Ultimately, many of her grievances are simply differences of opinion about how the Agency should address interoffice disputes. While her frustration is understandable, the Circuit has admonished that a "district judge does not sit as 'super-personnel department that reexamines an entity's business decisions.'" Fischbach v. D.C. Dep't of Corr., 86 F.3d 1180, 1183 (D.C. Cir. 1996) (quoting Dale v. Chi. Tribune Co., 797 F.2d 458, 464 (7th Cir. 1986)). Accordingly, this Court will not permit criticisms of the Agency's responses to workplace strife to be recharacterized as a retaliatory hostile work environment. See Clemmer, 2008 U.S. Dist. LEXIS 109595, at *51 ("[The plaintiff] may have preferred her employer to do more in its investigation, but its failure to conduct an inquiry to her satisfaction does not constitute an adverse action."); see also Douglas-Slade v. LaHood, 793 F. Supp. 2d 82, 101 (D.D.C. 2011) (complaints were, at base, about supervisor's management style, and "such assertions cannot support a hostile work environment claim"); Allen v. Napolitano, 774 F. Supp. 2d 186, 206 (D.D.C. 2011) (finding that "the majority of plaintiff's complaints relate to her immediate supervisor's management style," and "[b]eyond alleging less-than-ideal working conditions, plaintiff has not made sufficient allegations that defendant severely or pervasively altered and interfered with her employment"); Johnson v. Bolden, 699 F. Supp. 2d 295, 302 (D.D.C. 2010) ("[N]early all of plaintiff's allegations of a hostile work environment, even if taken as true, amount to nothing more than plaintiff's objections to the management style of [supervisors in] his chain of command.").

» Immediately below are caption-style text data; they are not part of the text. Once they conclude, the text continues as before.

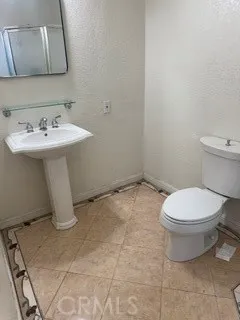 21310 Hiawatha Chatsworth, CA 91311
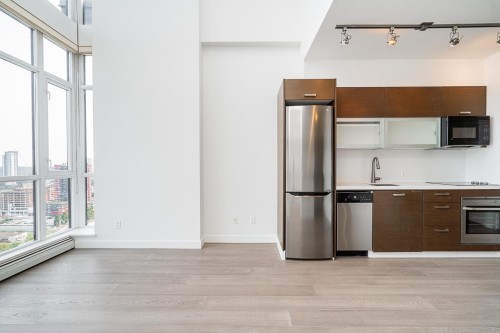 2501-10777 University Drive, Surrey, BC 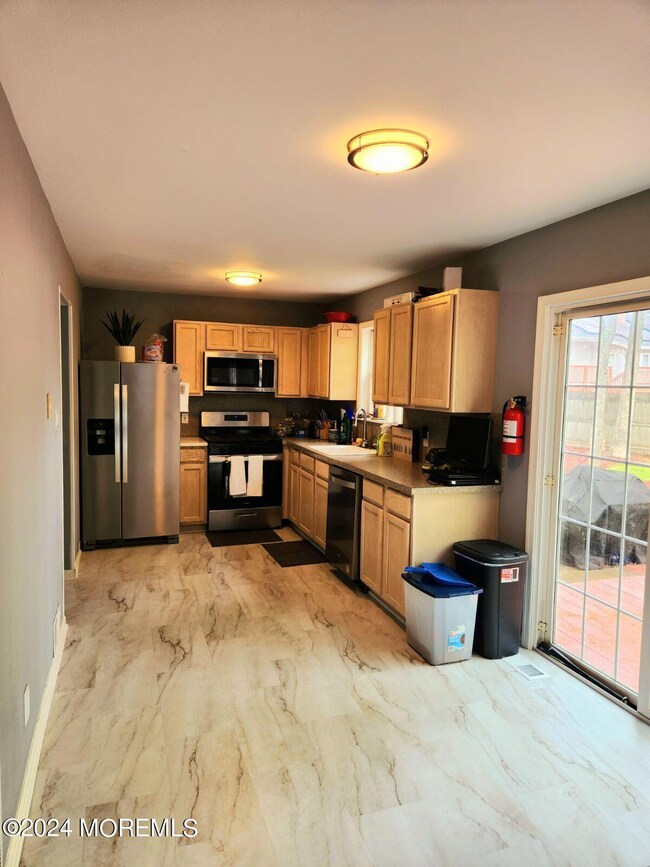 1092 Windlass Dr, Manahawkin, NJ 08050 - photo 7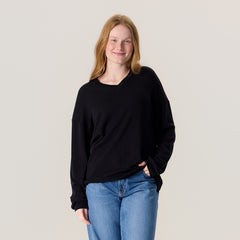 tamsilk-9422-klassikko-unisex-neulepaita-musta-4-1800x1800.jpg?v=1774857483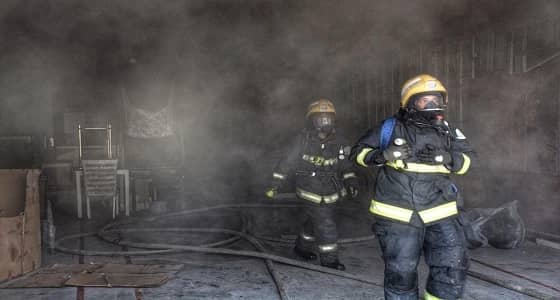بالصور.. مدني جدة يخمد حريقا بمحل مفروشات
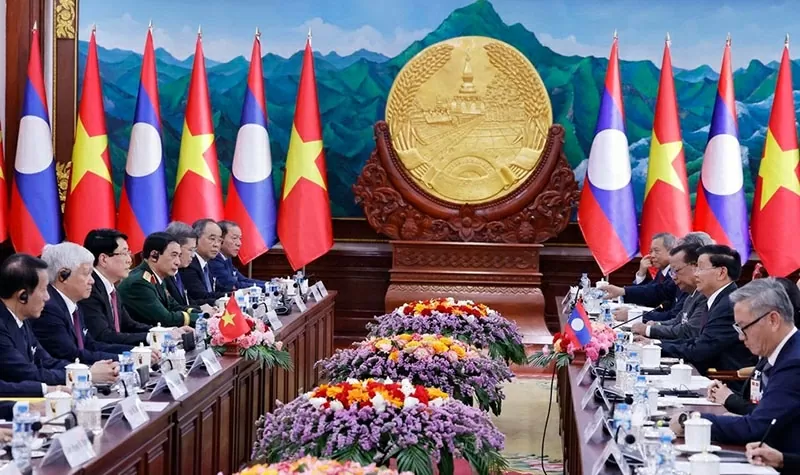 President Luong Cuong holds talks with top Lao leader Thongloun Sisoulith in Vientiane President Luong Cuong holds talks with top Lao leader Thongloun Sisoulith in Vientiane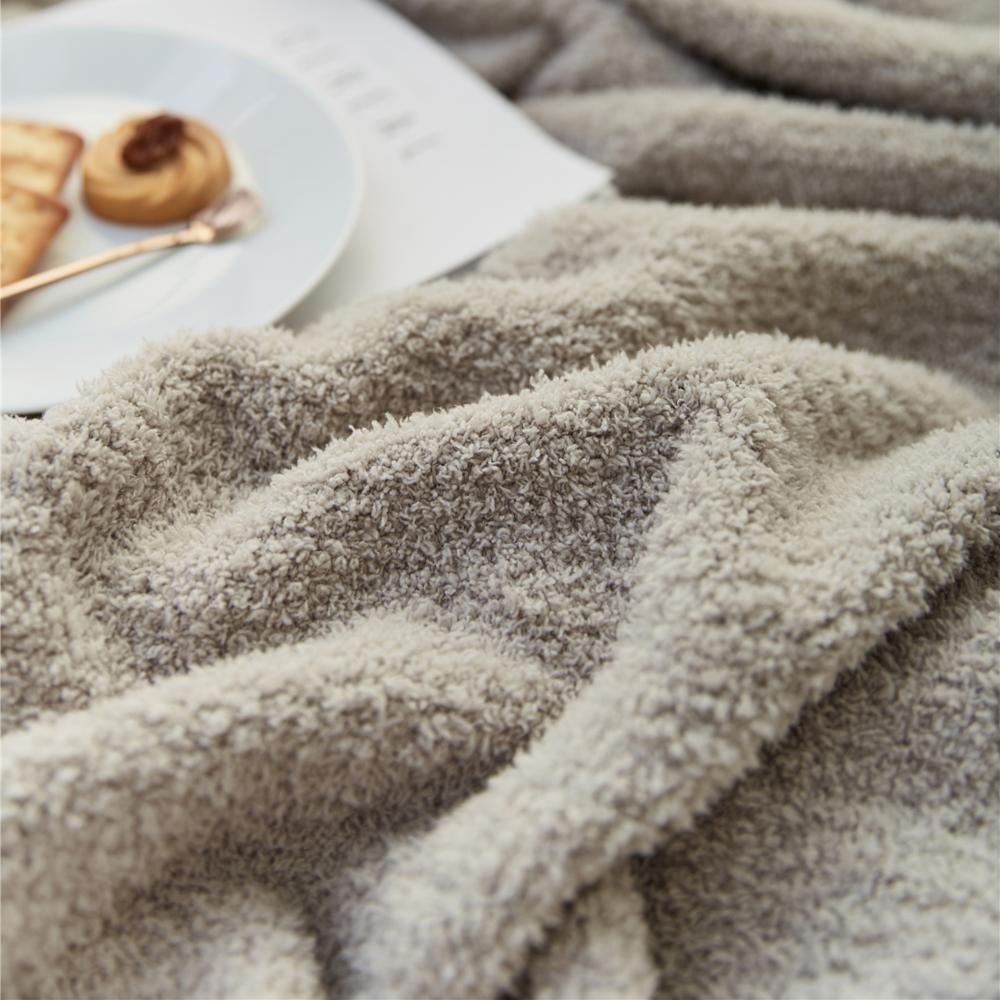 LumaNest UltraSoft Mikrofiber Tæppe i 5 Farver Anti Nuppe | Lersk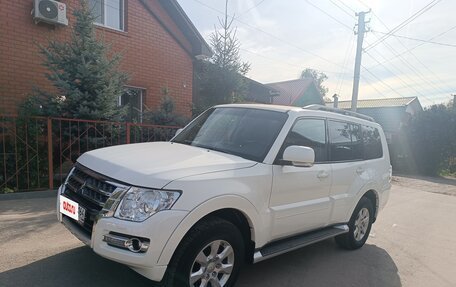 Mitsubishi Pajero IV, 2015 год, 3 800 000 рублей, 2 фотография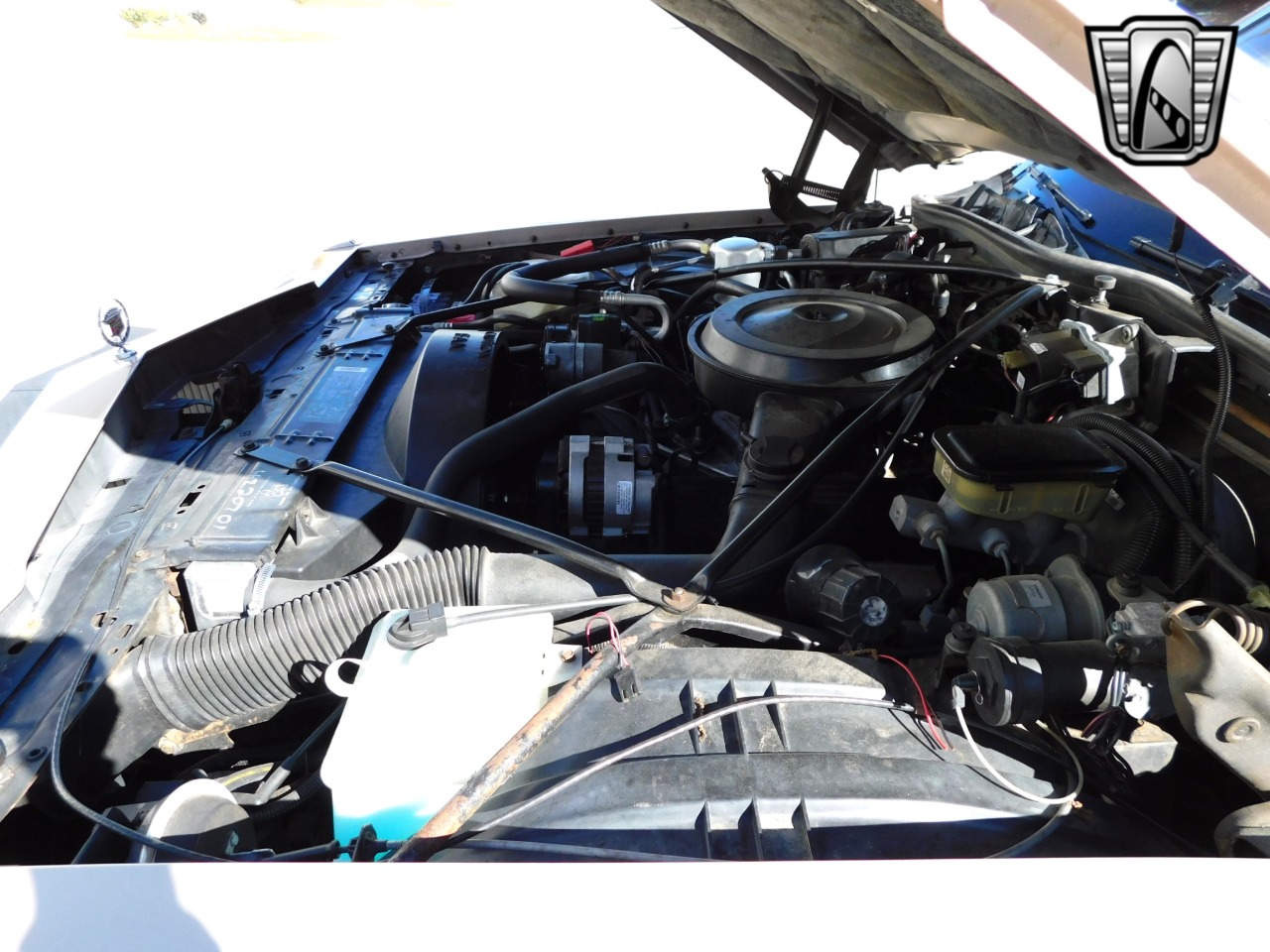 1991 Cadillac Brougham 18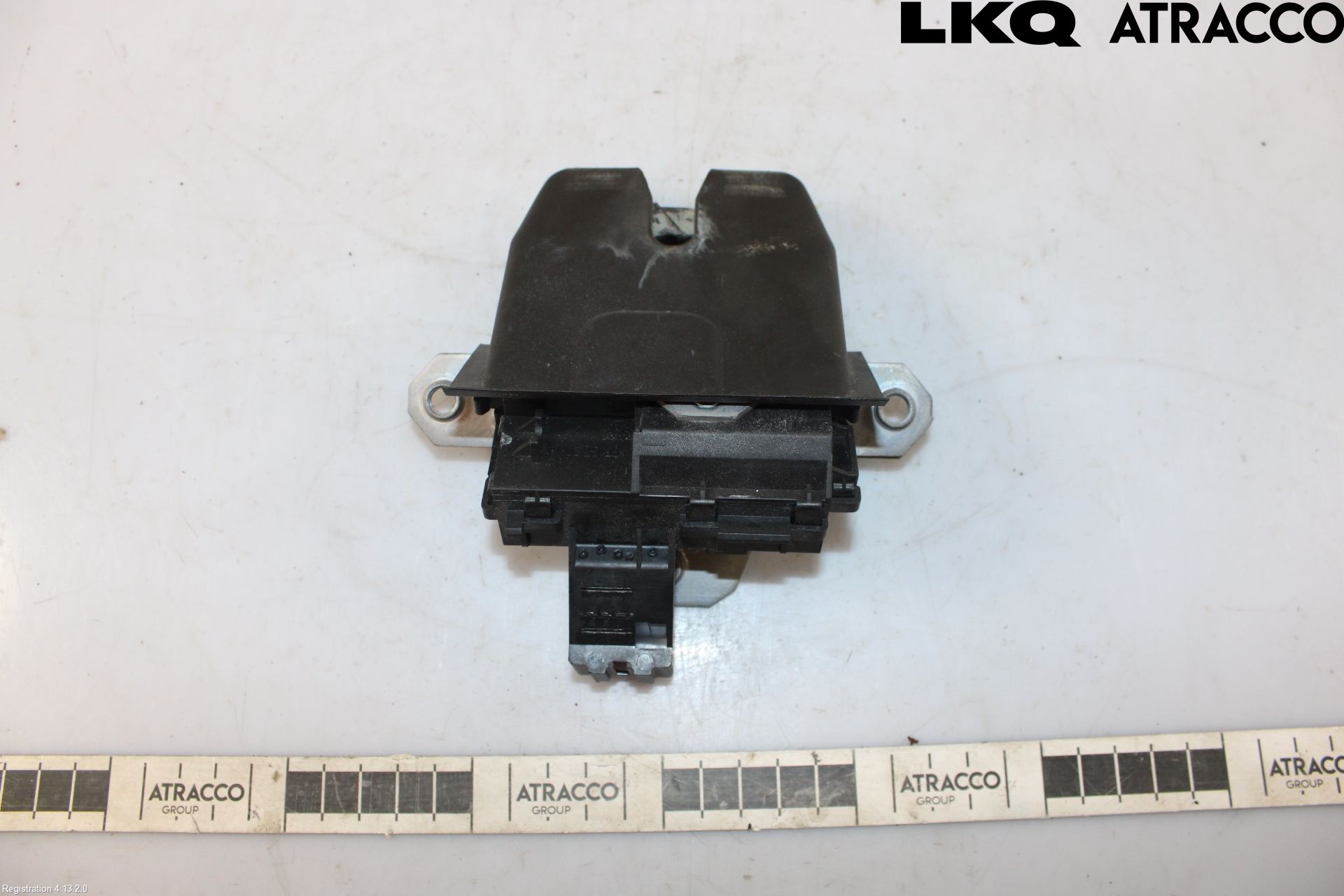 Volvo V50 08-12 Bakluke-Lokk Låsekasse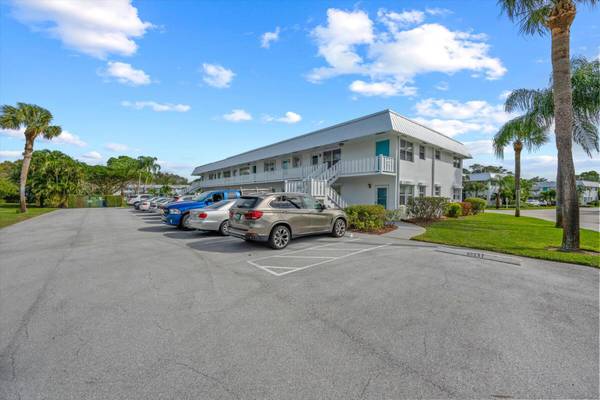 2929 SE Ocean BLVD 115-7, Stuart, FL 34996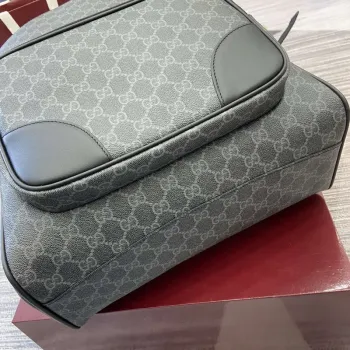 Gucci 821159 GG Emblem Střední Batoh Černý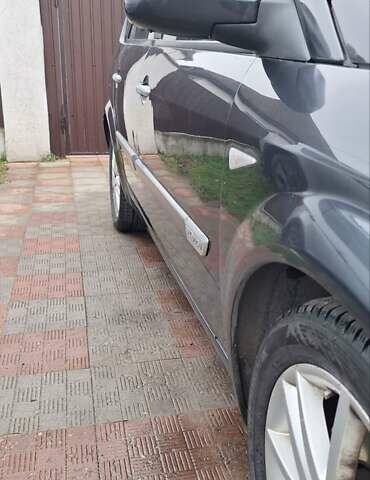 Серый Рено Гранд Сценик, объемом двигателя 2 л и пробегом 253 тыс. км за 5450 $, фото 3 на Automoto.ua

Finally, it is worth noting that Count II is premised on an unprovable proposition, i.e., if the Agency had taken different corrective action in response to her complaints and done more to enforce the Agency's rules, the offensive behavior she encountered would not have occurred. First, as this Court noted in its prior opinion, plaintiff cannot claim under Title VII that defendant is obligated to respond to complaints and take corrective action where warranted to ensure plaintiff has a "positive and productive work environment." (Pl.'s Opp. at 21 (citing PBGC "workplace rules") (emphasis added); see id. at 22 ("Defendant has repeatedly failed to apply its workplace rules to protect the Plaintiff in the workplace, violating its own policy . . . .").) Contrary to plaintiff's belief, Title VII is not "'a general civility code for the American workplace.'" Burlington N. & Santa Fe Ry. Co. v. White, 548 U.S. 53, 68 (2006) (quoting Oncale v. Sundowner Offshore Services, Inc., 523 U.S. 75, 80 (1998)).

Baird, 744 F. Supp. 2d at 289-90 (omission in original). Second, much of the rancor at the PBGC reflected a work environment rife with litigation, long-running arbitrations, and bitter labor battles among union members and with management. (See supra note 5.) While we can hope that all employers succeed in promoting a harmonious environment, the failure to do so should not mean that the employer is liable under Title VII for a retaliatory hostile work environment.

CONCLUSION

For the foregoing reasons, the Court grants defendant's motion to dismiss. A separate order accompanies this Memorandum Opinion.